*** INFORMATION Section Begins ***

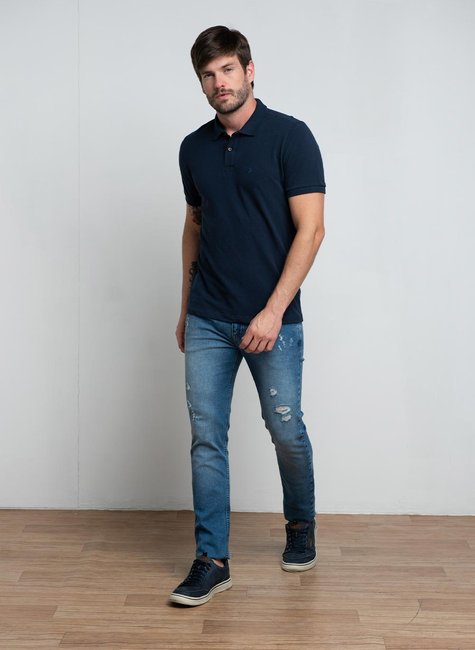 Polo Masculina Básica Piquet Marinho Polo Masculina Básica Piquet Marinho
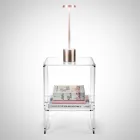 Stolik kawowy z 1 półką z przezroczystego pleksiglasu Made in Italy - Mulan Viadurini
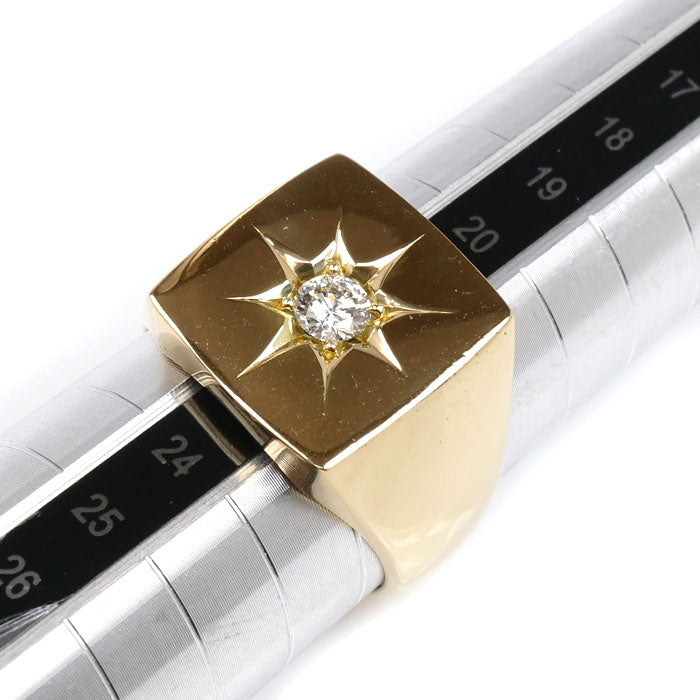 K18YG イエローゴールド 印台 リング・指輪 ダイヤモンド0.3ct 22号 23.3g メンズ【中古】【美品】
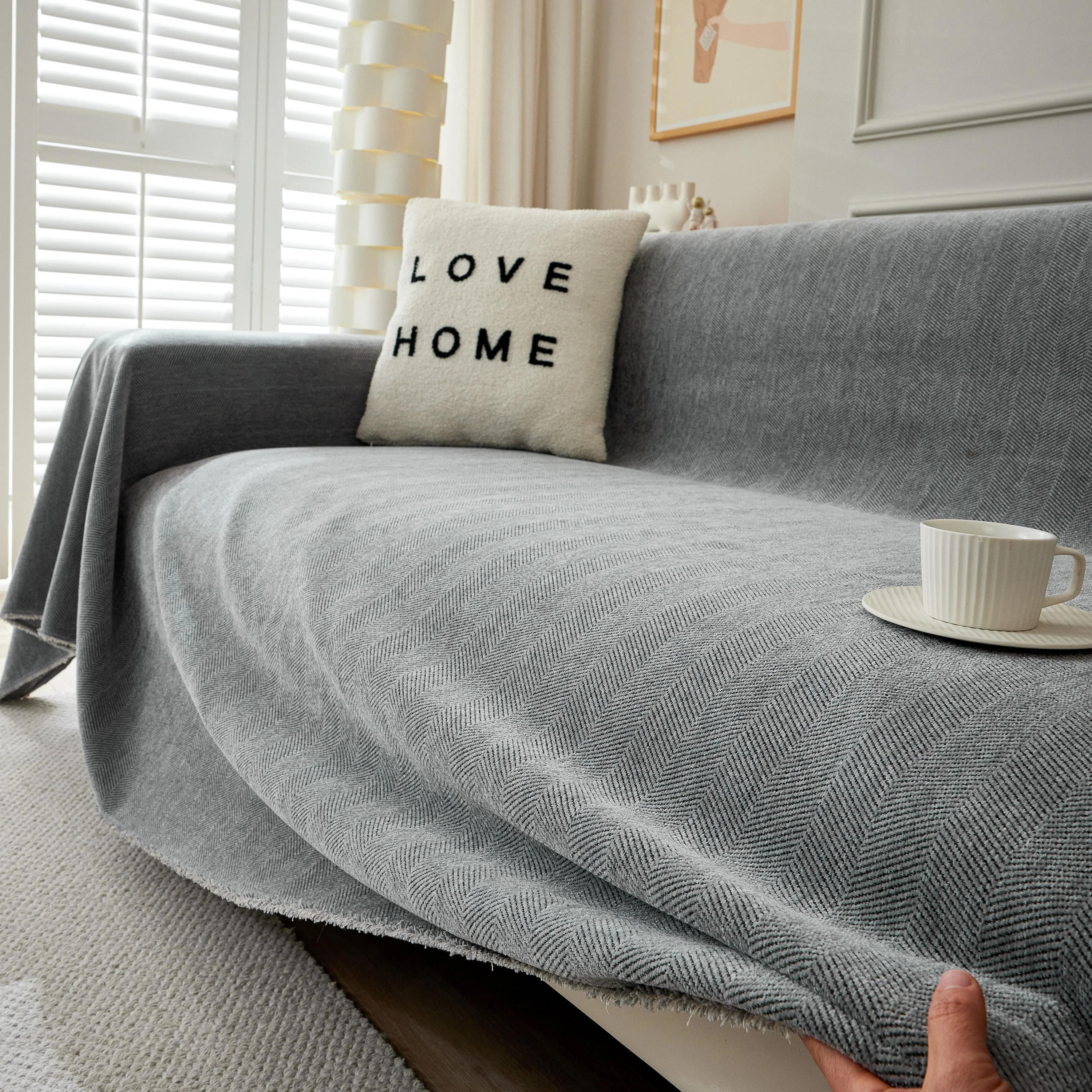 Herringbone Oversized Chenille Couch Throw Cover Sofa Slipcovers Couch Covers for Sectional Couches - Image 170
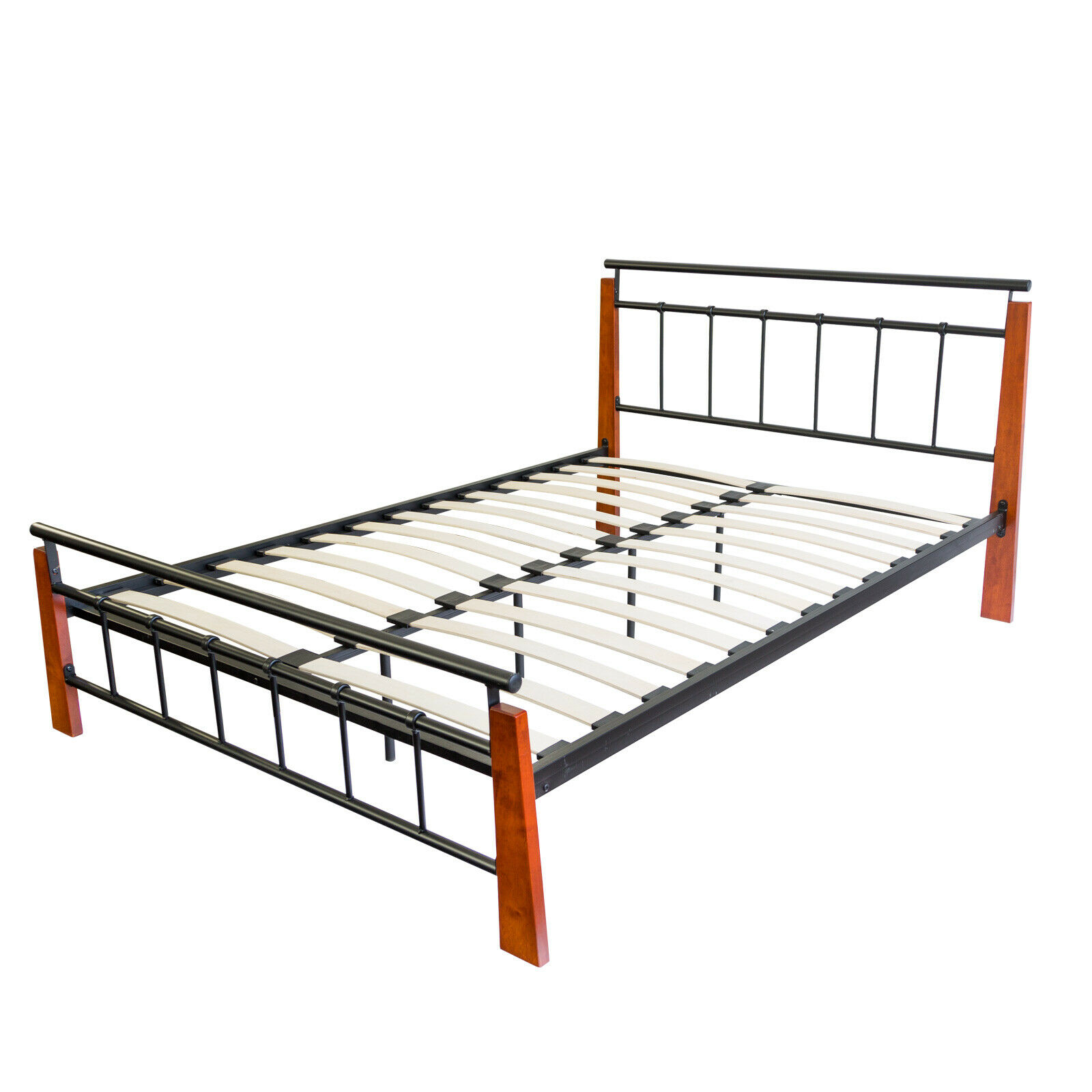 Metal Bed Iron Bed Double 160 x 200 Wood Slatted black brown bed frame 5072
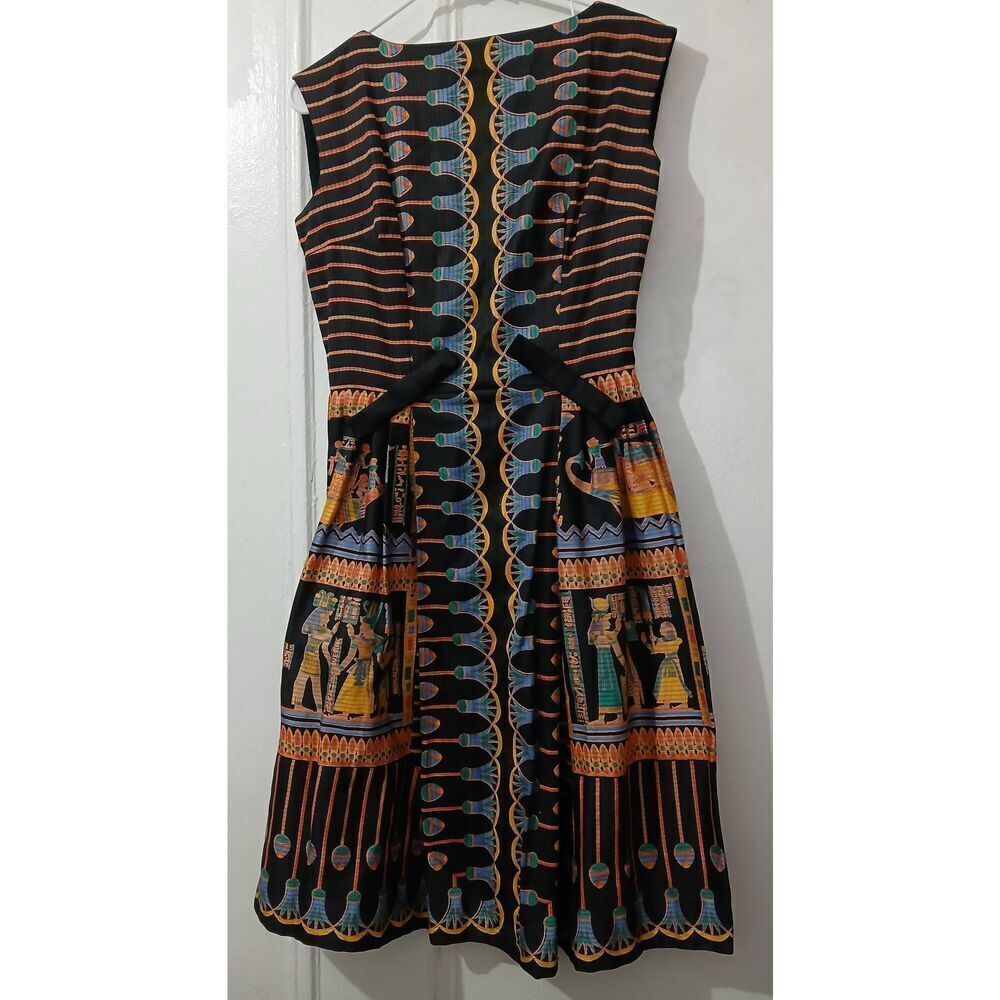 RARE VTG miss Egypt 1950s haute couture le caire  womens small fit flare dress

*** INFORMATION Section Ends ***

▸ TASK TO COMPLETE: This task calls for the listing to be restated exactly, with images omitted.

▸ YOUR SOLUTION:
 Polo Masculina Básica Piquet Marinho Polo Masculina Básica Piquet Marinho
 Stolik kawowy z 1 półką z przezroczystego pleksiglasu Made in Italy - Mulan Viadurini
 K18YG イエローゴールド 印台 リング・指輪 ダイヤモンド0.3ct 22号 23.3g メンズ【中古】【美品】
 Herringbone Oversized Chenille Couch Throw Cover Sofa Slipcovers Couch Covers for Sectional Couches - Image 170
 Metal Bed Iron Bed Double 160 x 200 Wood Slatted black brown bed frame 5072
 RARE VTG miss Egypt 1950s haute couture le caire  womens small fit flare dress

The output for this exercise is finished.